Torna nel vocabolario della politica italiana, come spesso accade in momenti di crisi istituzionali, la parola “impeachment”. Si tratta della messa sotto accusa del presidente della Repubblica, previsto all'articolo 90 della Costituzione, in caso di alto tradimento o attentato alla Costituzione. «Il Presidente della Repubblica - recita la Carta - non è responsabile degli atti compiuti nell'esercizio delle sue funzioni, tranne che per alto tradimento o per attentato alla Costituzione. In tali casi è messo in stato di accusa dal Parlamento in seduta comune, a maggioranza assoluta dei suoi membri».

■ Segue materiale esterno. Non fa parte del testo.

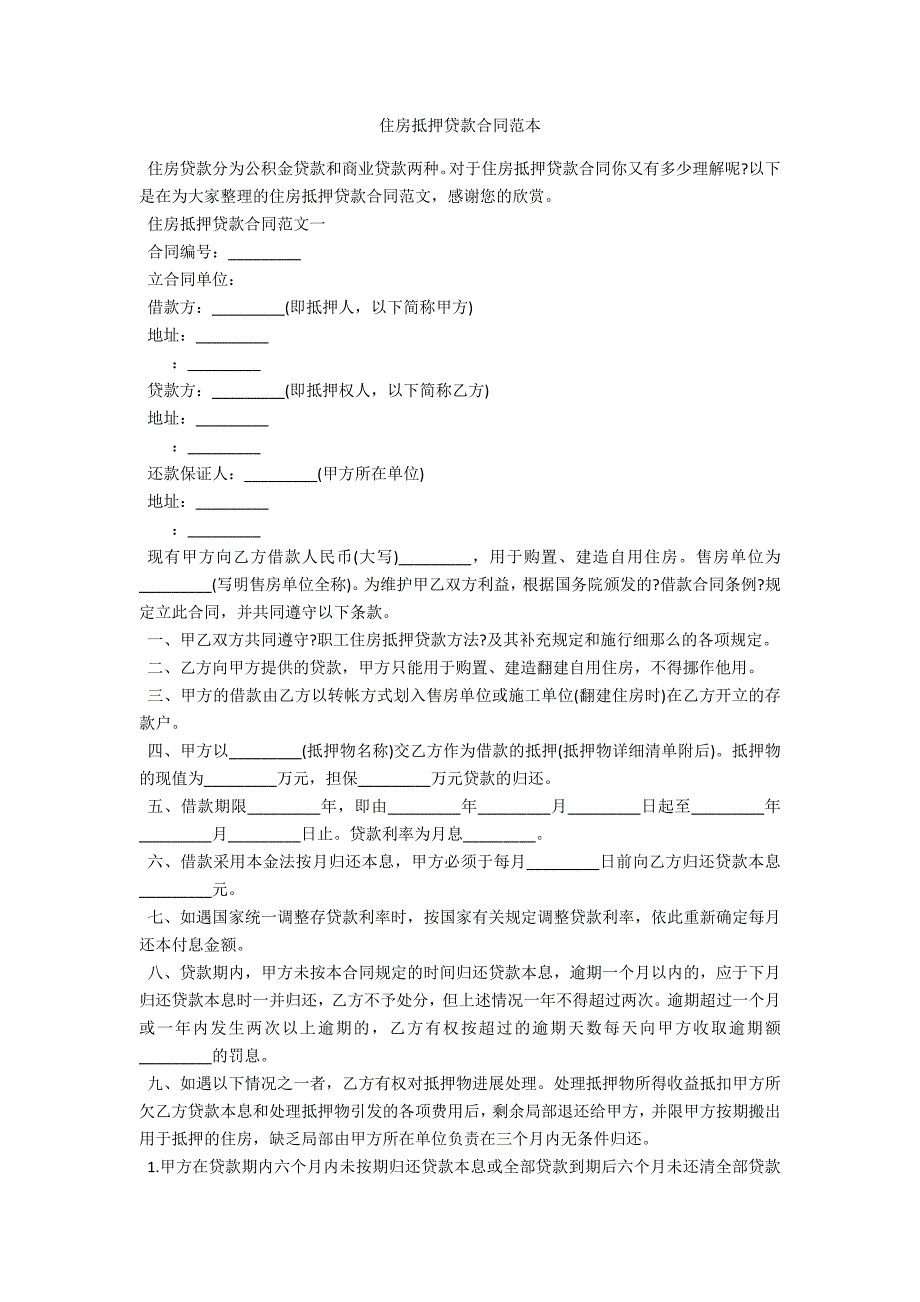 住房抵押贷款合同范本_第1页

In Italia, c'è da dire, il verdetto finale non spetta neanche al Parlamento bensì alla Corte Costituzionale e mai, pur essendo stato più volte evocato - con Giovanni Leone, Francesco Cossiga e Giorgio Napolitano - ha visto completare il suo complicato percorso.
Ecco qual è:
1) Viene presentata - sostenuta da tutto il materiale probatorio - una richiesta di messa in stato d'accusa al presidente della Camera che poi trasmette il materiale ad un Comitato formato dai componenti della giunta per le autorizzazioni a Procedere di Senato e Camera.
2) Ove stabilita la legittimità dell'accusa dopo un verdetto votato a maggioranza, viene presentata una relazione al Parlamento riunito in seduta comune.
3) Il dossier a questo punto può essere archiviato o posto in votazione nell'Aula riunita sempre in seduta comune che deciderà sull'autorizzazione a procedere. 4) Nel caso in cui non siano avanzate richieste di ulteriori indagini, si apre la discussione sulla competenza parlamentare dei reati imputati. Se la relazione propone la messa in stato d'accusa, il voto è a scrutinio segreto e la destituzione scatta solo se si raggiunge la maggioranza assoluta.
5) La questione passa infine alla Corte Costituzionale che, coadiuvata da sedici giudici aggregati estratti a sorte, potrà - dopo un vero e proprio processo - emettere la sentenza inappellabile.